Trajectory Data — `colvarsfinder.utils`

Author:: Wei Zhang
Year:: 2022
Copyright:: GNU Public License v3

This module implements the function integrate_md_langevin() and integrate_sde_overdamped() for sampling trajectory data of (molecular) dynamical systems, the function calc_weights() for calculating weights of the states, and the class WeightedTrajectory for holding trajectory information.

Typical usage

The main purpose of this module is to prepare training data for training tasks in the module colvarsfinder.core. Assume that the invariant distribution of the system is \(\mu\) at temperature \(T\). One can use this module in the following two steps.

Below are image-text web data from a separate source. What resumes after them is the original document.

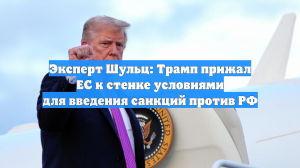 Эксперт Шульц: Трамп прижал ЕС к стенке условиями для введения санкций против РФ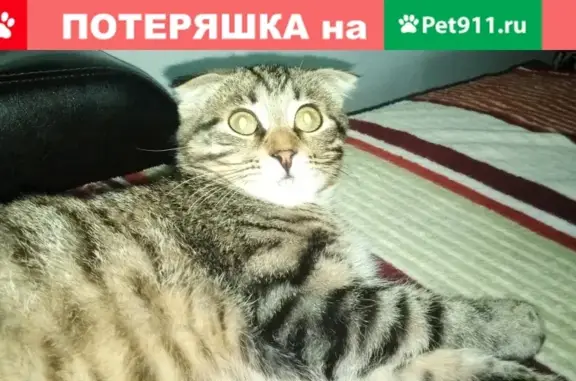 Кошки потеряшки, Мичуринск, фото: Потеряшка кошка Михалыч в Мичуринске, вознаграждение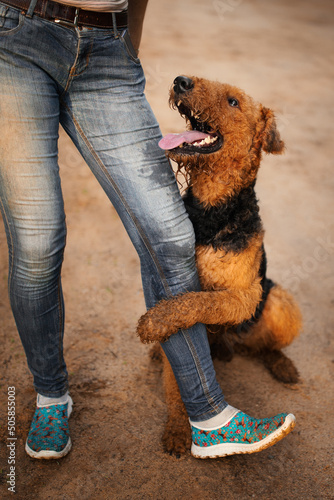 Airedale terrier dog happy  portrait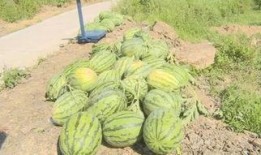 丰收瓜芯可以吃吗,揭秘可食用之谜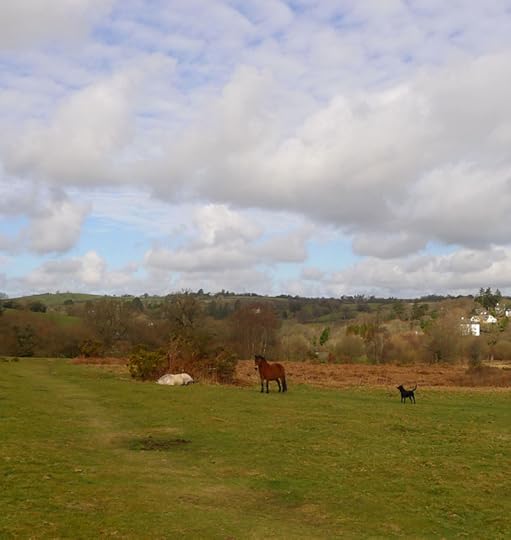 Dartmoor ponies on the Commons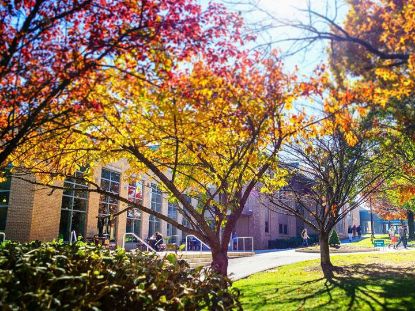 Picture of Facility Rentals (Classrooms, Conference Rooms, Cougar Grille, Gym, Softball)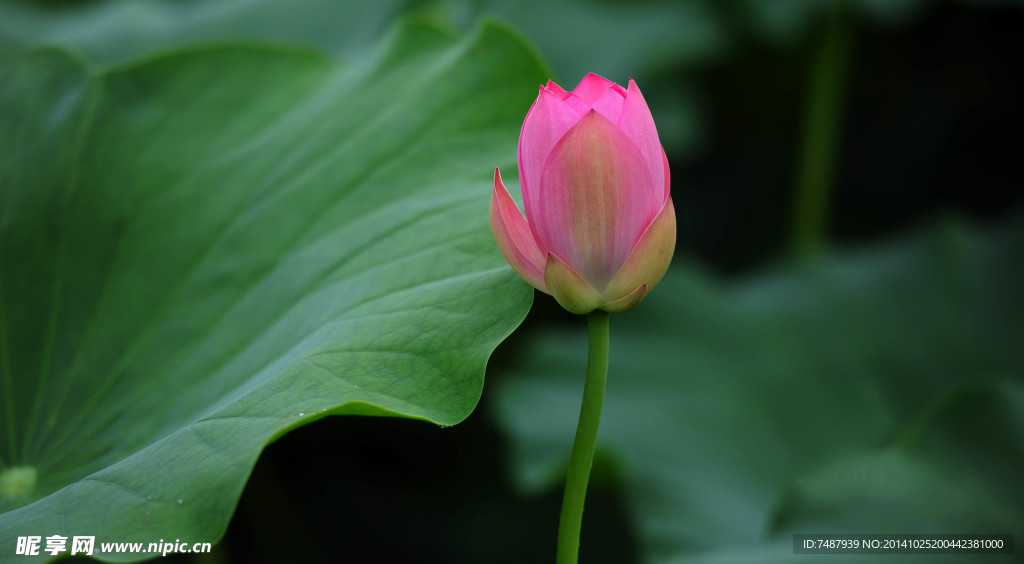 荷花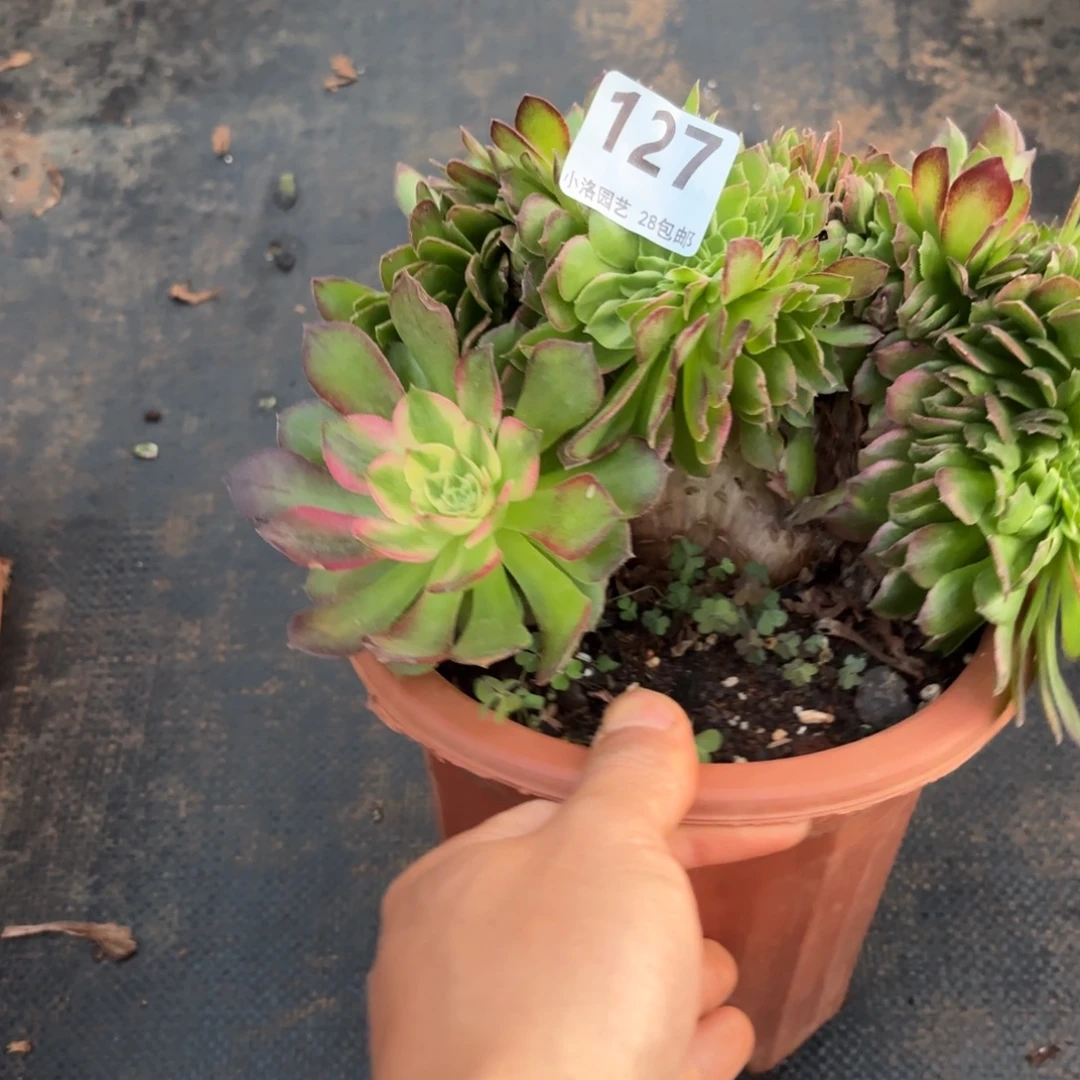 127号海王缀化多肉植物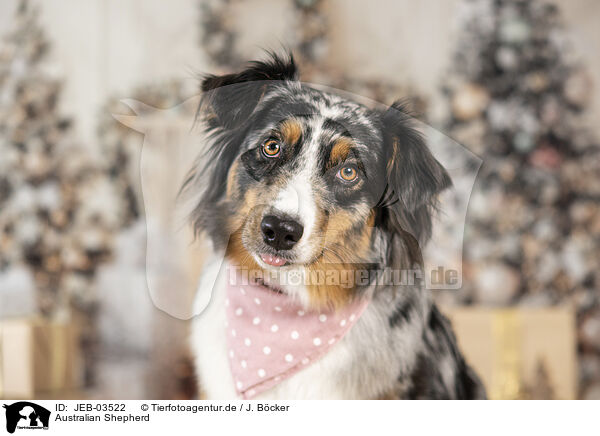 Australian Shepherd / Australian Shepherd / JEB-03522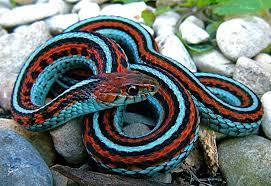 Electric Blue San Francisco Garter Snake Snake Pretty Snakes Pet Birds
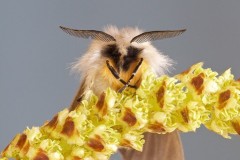 Diaphora mendica - Muslin Moth, Woodside Nurseries, Austerfield.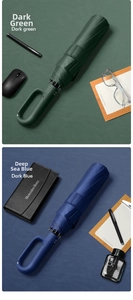 Detail of automatic folding umbrella with D-ring buckle handle in green and blue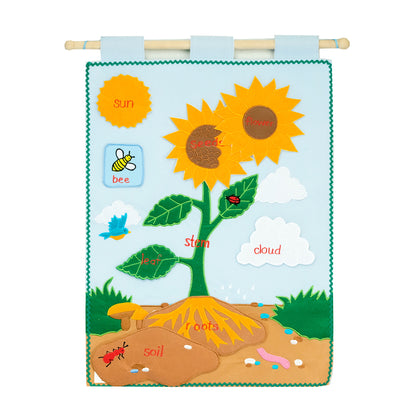 Life Cycle of a Sunflower - Fabric Wall Chart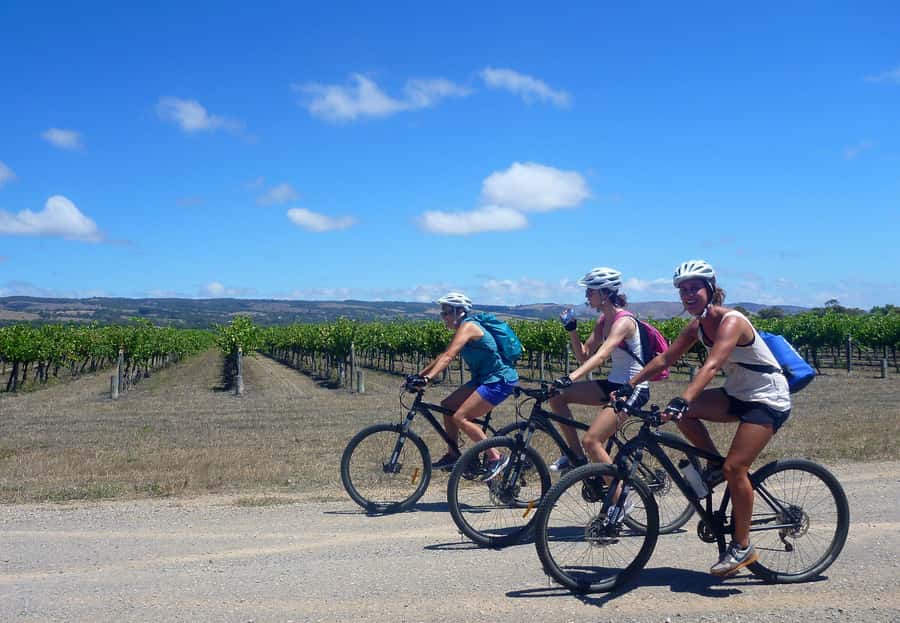 Mclaren Vale Hills Vines and Wines Bike Tour from Adelaide - From Adelaide to Kuitpo Forest: the ride begins above the vineyards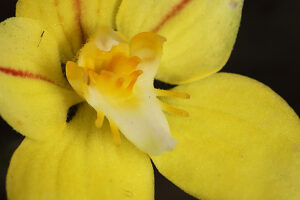 カウスリップオーキッドCowslip Orchid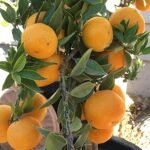 Hybrid Sweet Malta Grafted Live Plant (Pack of 1)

Run integrate_md_langevin() or integrate_sde_overdamped() to sample states \((x_l)_{1\le l \le n}\) of the (biased) system at a possibly higher temperature \(T_{sim} \ge T\);

Use calc_weights() to generate a CSV file that contains the weights \((v_l)_{1\le l \le n}\) of the sampled states.

The weights are calculated in a way such that one can approximate the distribution \(\mu\) using the biased data \((x_l)_{1\le l \le n}\) by

\[\int_{\mathbb{R}^{d}} f(x) \mu(dx) \approx \frac{\sum_{l=1}^n v_l f(x_l)}{\sum_{l=1}^n v_l}\,,\]

for test functions \(f\), where \(d\) is the dimension of the system.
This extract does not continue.